It is not the purpose of this study to deal in depth with the history of the railroads whose locomotives are in the Steamtown collection, but a brief characterization of the two principal Canadian railroad systems whose locomotives are numbered among those in Scranton is appropriate.

The Canadian Pacific Railway was incorporated on February 17, 188110 take over a scheme of the Dominion government to build Canada's first transcontinental railroad, connecting the seaboard of British Columbia with the system of railways that already existed in eastern Canada. As was typical of major systems, the Canadian Pacific not only built much new trackage, but also bought up and eventually absorbed various existing railways. The Canadian Pacific received a subsidy of $25 million from the government and obtained exemption from taxation for all time. The Canadian Pacific completed extremely difficult construction across the Laurentian Shield north of the Great Lakes and the Canadian Rockies and the Selkirk Ranges to the Pacific Coast in 1886, and by 1920 had grown to a system of 8,355.9 miles of wholly owned trackage. The main line of the Canadian Pacific extended 2,894.7 miles from Montreal to Vancouver, essentially from the Atlantic to the Pacific. No single American railroad stretched similarly from the Atlantic seaboard to the Pacific Coast. The Canadian Pacific became one of the world's great railroad systems. Despite its government subsidy and exemption from taxation, it has always been essentially a private company.

The Canadian National Railways, in contrast, is a transcontinental railway system operating in many places in competition with the Canadian Pacific, but is a government-owned corporation, in effect a nationalized railway system. While a more recent system than that of the Canadian Pacific, its origins are nevertheless older. From the beginning, railways in Canada's Atlantic provinces had been sponsored and funded by provincial governments. On July 1, 1867. the new government of the Dominion of Canada inherited a collection of comparatively small railways from the provinces of New Brunswick and Nova Scotia. Subsequently the government sponsored and funded a new railway, the Intercolonial, to connect the railways of these maritime provinces with the privately owned railways of Quebec and Ontario. From time to time the government acquired additional railways, and operated them under the title Canadian Government Railways. Meanwhile, around the end of the 19th century, private capital again had undertaken new railway construction, in this case the Canadian Northern Railway built to serve the prairie provinces northwest of the Great Lakes. By 1914, the Dominion government again had a foot in the door, having acquired a considerable block of Canadian Northern common stock in exchange for loans advanced to the Canadian Northern. Again in financial difficulties in 1916, the Canadian Northern passed into the hands of government control, total acquisition being achieved in 1918. On December 20, 1918, the Dominion government established Canadian National Railways, a crown corporation, to place the Canadian Government Railways and the Canadian Northern railway system under a single management.

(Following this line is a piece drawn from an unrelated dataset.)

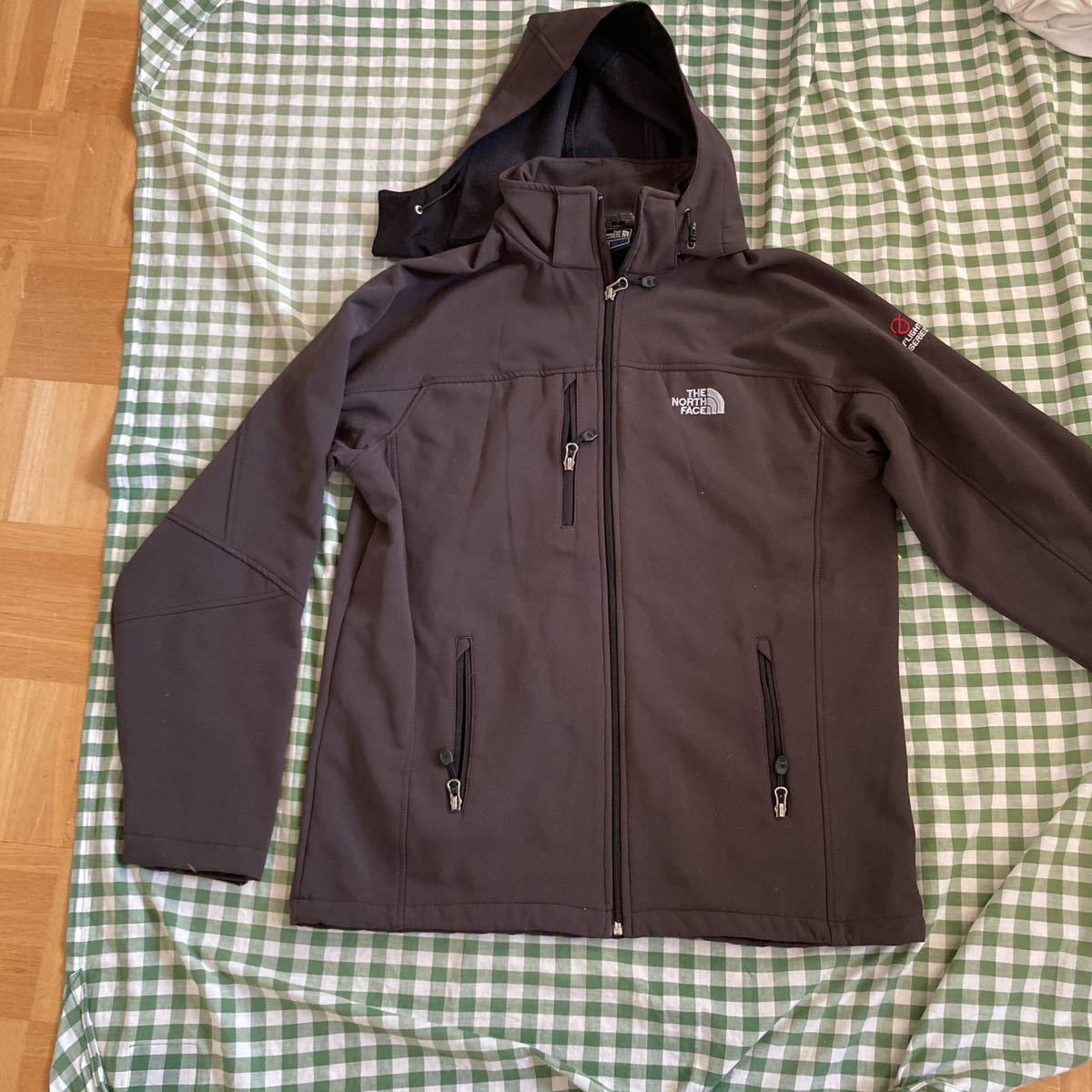 THE NORTH FACE JACKET パーカーフード取り外し可能サイドポケット胸右ポケット付ノースフェイスロゴ入りフライトＬ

Another railway system in Canada that had an early start was that of the Grand Trunk Railway, incorporated in 1853 by British investors, and for many years the largest privately owned railway system in Canada. In 1903, the Grand Trunk worked out an agreement with the government of Canada to build a second transcontinental link between the east and the Pacific Coast. The Grand Trunk Railway established a subsidiary, the Grand Trunk Pacific, to build from Winnipeg to Prince Rupert, while the government undertook to build a subsidiary, the National Transcontinental, east from Winnipeg, which, when the Grand Trunk management declined to take over operation of the National Transcontinental, the government assigned to the Canadian Government Railways to operate. In 1919 the Grand Trunk Railway defaulted on Grand Trunk Pacific Railway securities, and it entered a government-managed receivership. Meanwhile, on March 31, 1919, work had begun on consolidating the Canadian Northern with the Canadian Government Railways, and the government legally amalgamated these two lines under Canadian National Railways effective January 20, 1923. The Grand Trunk Pacific Railway legally joined Canadian National Railways on January 30, 1923. Already, in July 1922, the government had included the 3,000 miles of the bankrupt Grand Trunk Railway in the new Canadian National Railways System.

One might suppose that this narrative has nothing to do with United States history, and that the locomotives of Canadian railways, especially a government-owned Canadian railway, and locomotives built in Canada, have no place in an American railroad museum operated by the United States National Park Service. However, a number of historic factors undercut any such assumption.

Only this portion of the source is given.